The evidence on food access doesn’t mean supermarkets don’t matter, or that we should stop trying to make sure everyone has access to one. It just means we should stop talking about them as a solution to the obesity epidemic. It’s completely reasonable to support food access for its own sake — I sure do.
Meantime, there’s a lesson here. Everyone agrees that fixing obesity will be difficult. But, as researchers tackle this, they inevitably focus on the things we can measure. Distance to the grocery store. Income and education. Gut bacteria and carbohydrate levels. Meanwhile, there’s a laundry list of factors that are much harder to quantify. Cultural factors, susceptibility to advertising, hating to cook, ungrateful family members, really liking carbohydrates — the list is long and varied.
“We’re measuring the wrong things,” Dubowitz says. “Eliminating food deserts, it’s a feel-good policy that’s low-hanging fruit.” What we really need to do, she says, is start accumulating qualitative evidence on some of those less-tangible issues. “Quantifying everything is not always possible.” It’s way too easy to attach disproportionate significance to the things we can measure simply because we can measure them.

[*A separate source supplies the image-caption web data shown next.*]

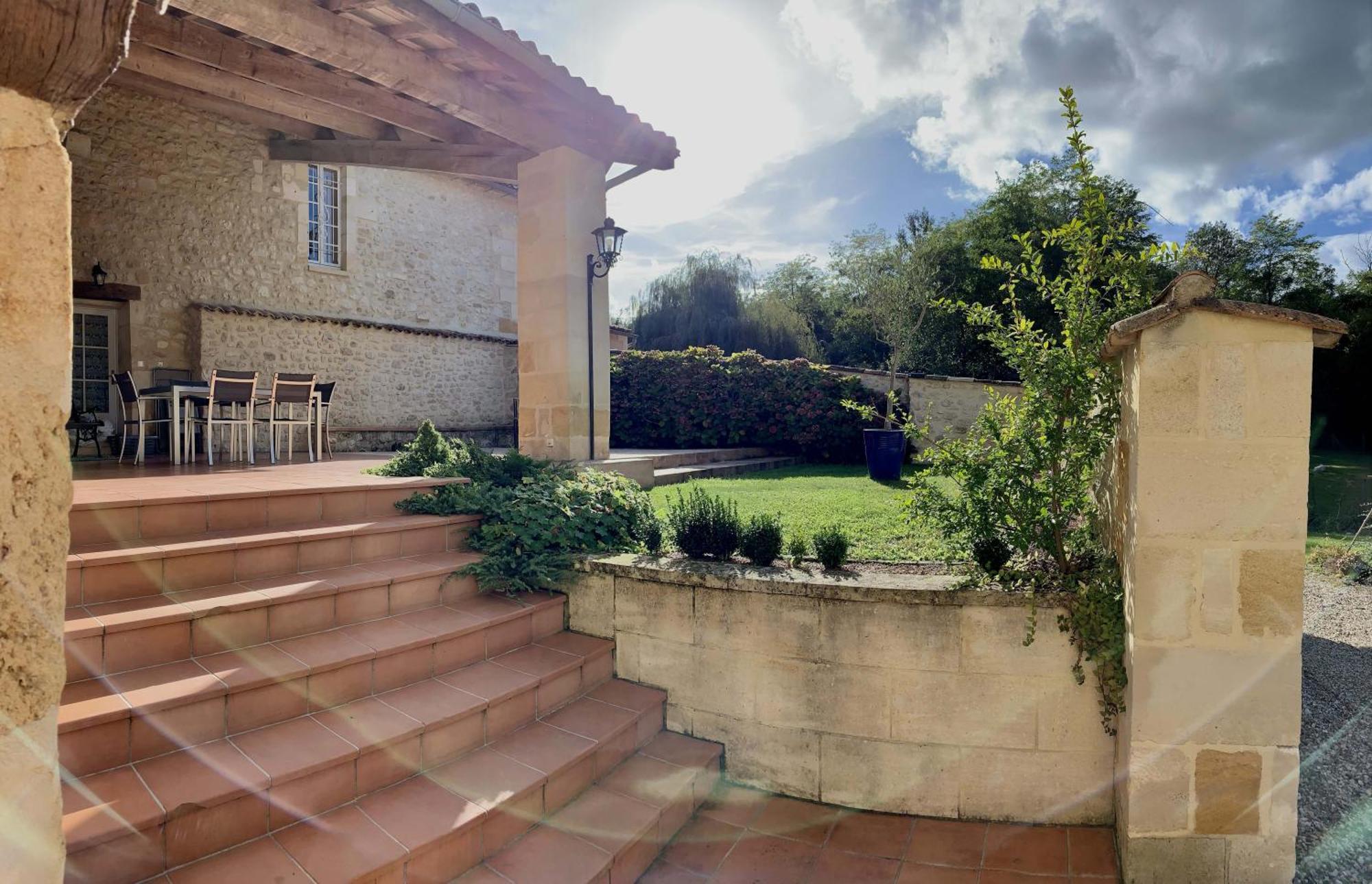 Domaine Jean-Got, Proche De Saint Emilion Villa Lugaignac Bilik gambar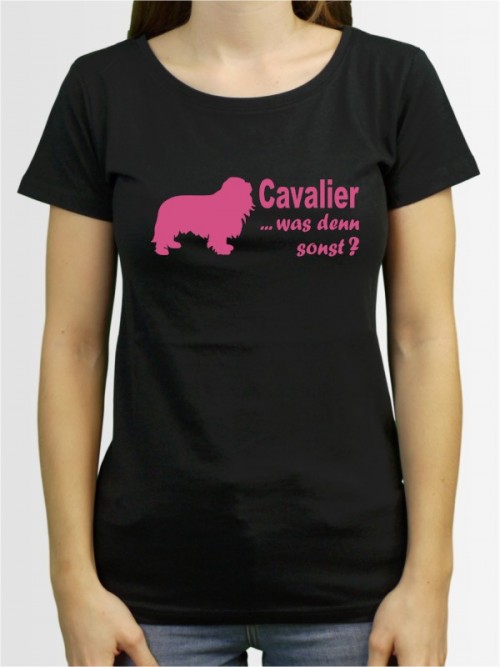 "Cavalier King Charles Spaniel 7" Damen T-Shirt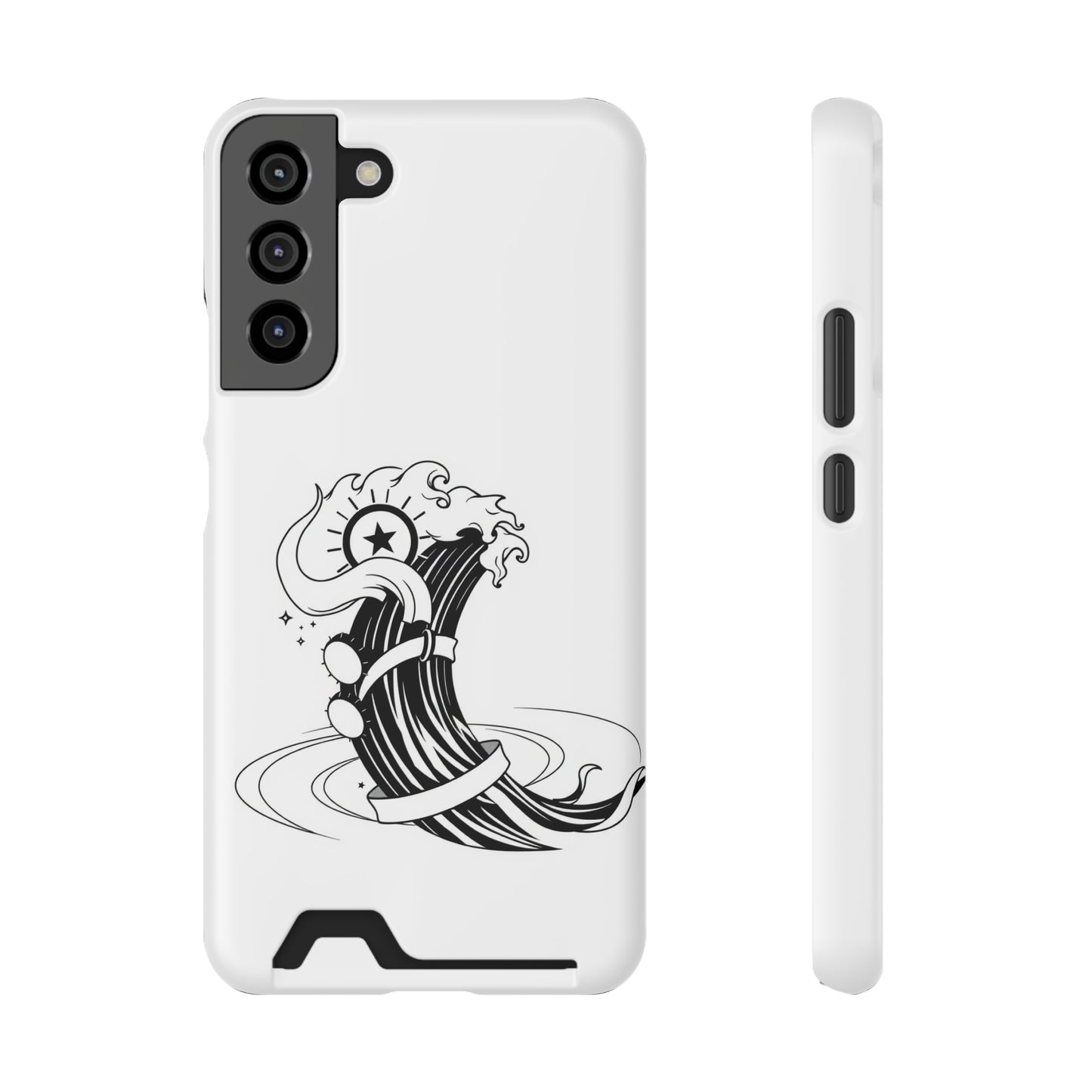 Aquarius zodiac sign phone cover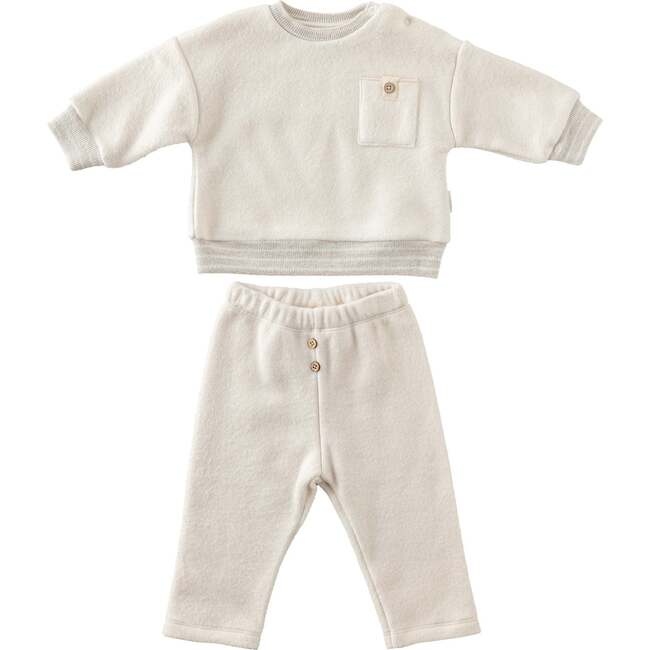 Soft Pocket Tracksuit, Beige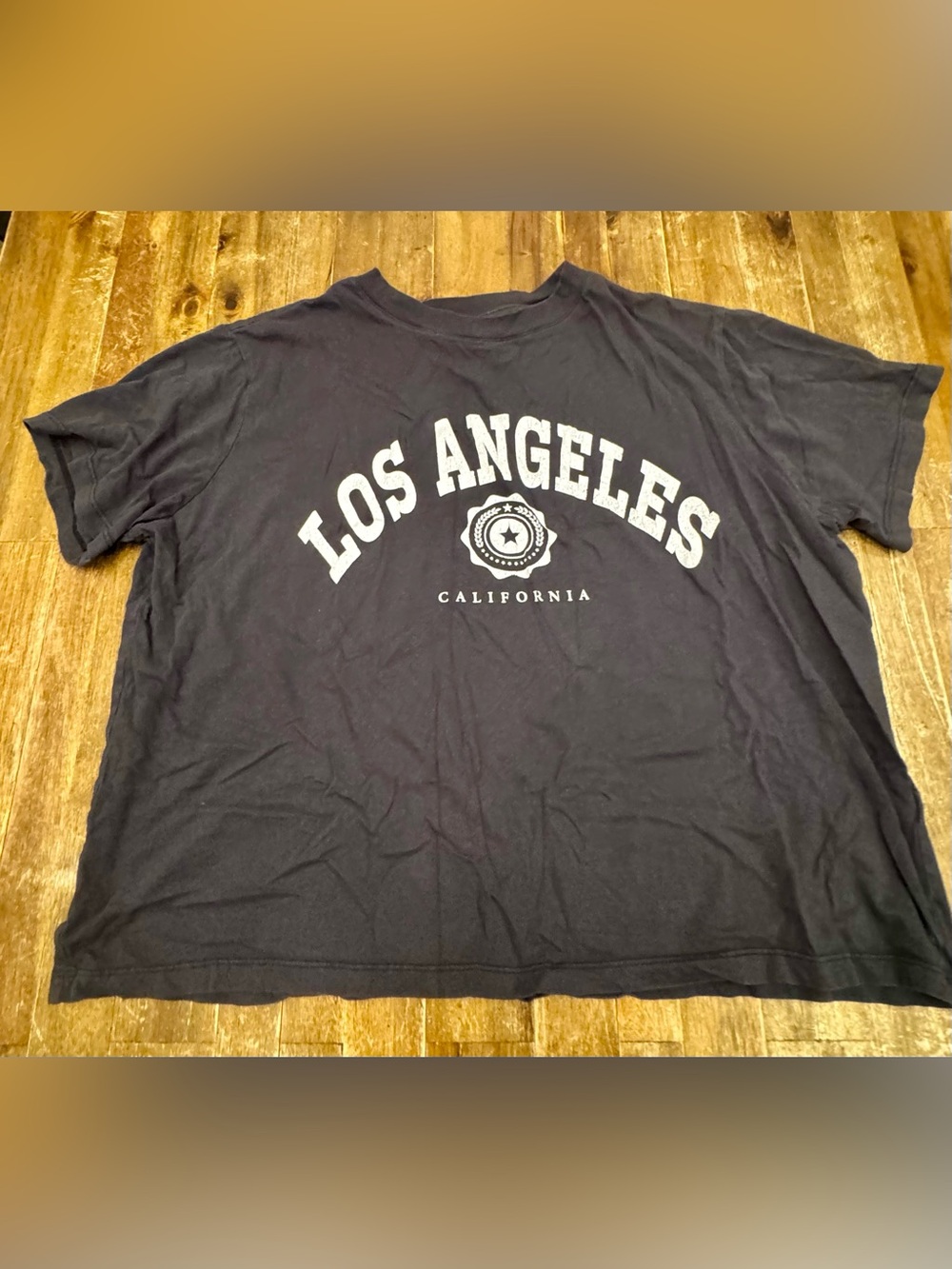 H&M Brand Dark Blue Los Angeles Graphic Tee Sz. XL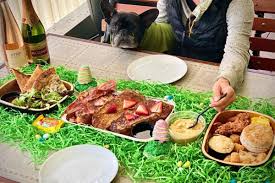 I stopped eating meat in 2007 but started again in 2017. Where To Find Easter Meals For Takeout And Delivery In San Diego Eater San Diego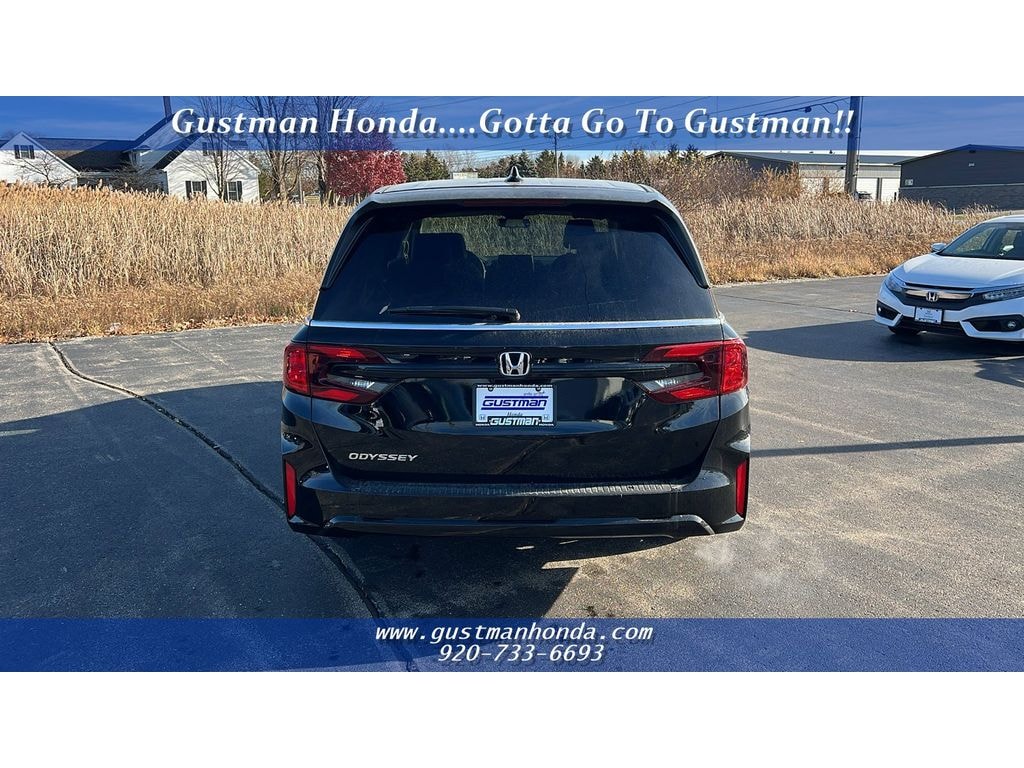 New 2026 Honda Odyssey EX-L Van Passenger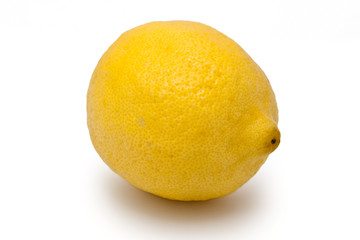 Lemon isolated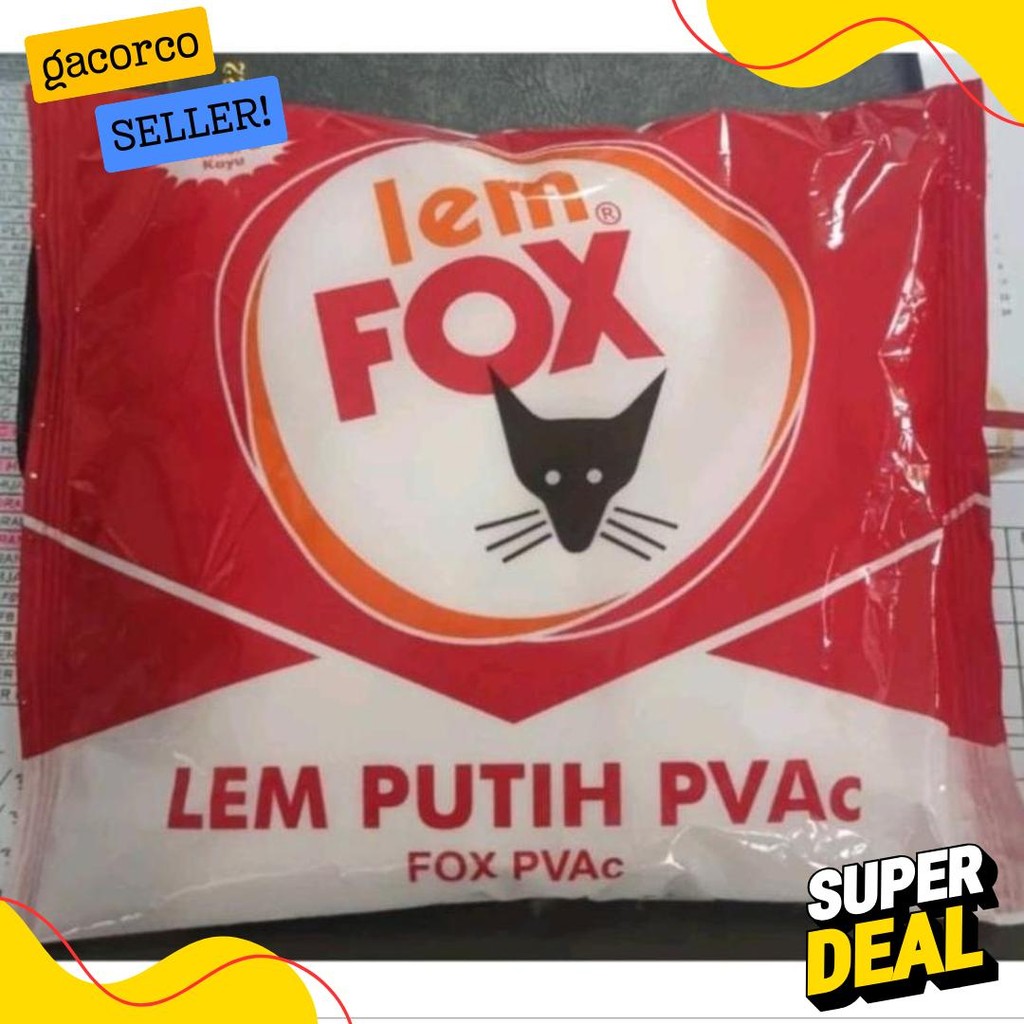 

Lem Putih Fox Pvac 700Gr Terlengkap Dan Termurah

The food desert issue got traction because lots of public-health-minded people believed everyone should have access to decent food. That was a good reason then, and it’s a good reason now. And it’s also possible that supermarkets are one in a smorgasbord of interventions that, together, might make a dent. If a supermarket moved in and kids were taught cooking and nutrition in schools and we rejiggered SNAP so that (somehow) it focused more on healthful food and restaurants reduced portion sizes and some processed foods were reformulated and people stopped selling crank diet books maybe, given time, we would see some changes.
For people’s habits and diets to change, food access is necessary. But it is emphatically not sufficient.